Predictive phage therapy for Escherichia coli urinary tract infections: Cocktail selection for therapy based on machine learning models
成果类型:
Article
署名作者:
Keith, Marianne; de la Torriente, Alba Park; Chalka, Antonia; Vallejo-Trujillo, Adriana; Mcateer, Sean P.; Paterson, Gavin K.; Low, Alison S.; Gally, David L.
署名单位:
UK Research & Innovation (UKRI); Biotechnology and Biological Sciences Research Council (BBSRC); Roslin Institute; University of Edinburgh; University of Edinburgh
刊物名称:
PROCEEDINGS OF THE NATIONAL ACADEMY OF SCIENCES OF THE UNITED STATES OF AMERICA
ISSN/ISSBN:
0027-11395
DOI:
10.1073/pnas.2313574121
发表日期:
2024-03-19
关键词:
antimicrobial resistance
mechanisms
bacteria
摘要:
This study supports the development of predictive bacteriophage (phage) therapy: the concept of phage cocktail selection to treat a bacterial infection based on machine learning (ML) models. For this purpose, ML models were trained on thousands of measured interactions between a panel of phage and sequenced bacterial isolates. The concept was applied to Escherichia coli associated with urinary tract infections. This is an important common infection in humans and companion animals from which multidrug- resistant (MDR) bloodstream infections can originate. The global threat of MDR infection has reinvigorated international efforts into alternatives to antibiotics including phage therapy. E. coli exhibit extensive genome-level variation due to horizontal gene transfer via phage and plasmids.

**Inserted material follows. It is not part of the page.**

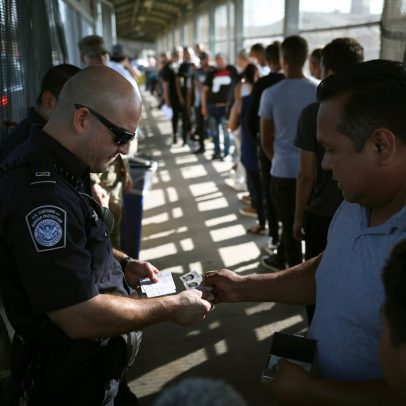 Mexicanos podem entrar nos Estados Unidos por 30 dias com nova Visa láser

Associated with this, phage selection for E. coli is difficult as individual isolates can exhibit considerable variation in phage susceptibility due to differences in factors important to phage infection including phage receptor profiles and resistance mechanisms. The activity of 31 phage was measured on 314 isolates with growth curves in artificial urine. Random Forest models were built for each phage from bacterial genome features, and the more generalist phage, acting on over 20% of the bacterial population, exhibited F1 scores of >0.6 and could be used to predict phage cocktails effective against previously untested strains. The study demonstrates the potential of predictive ML models which integrate bacterial genomics with phage activity datasets allowing their use on data derived from direct sequencing of clinical samples to inform rapid and effective phage therapy.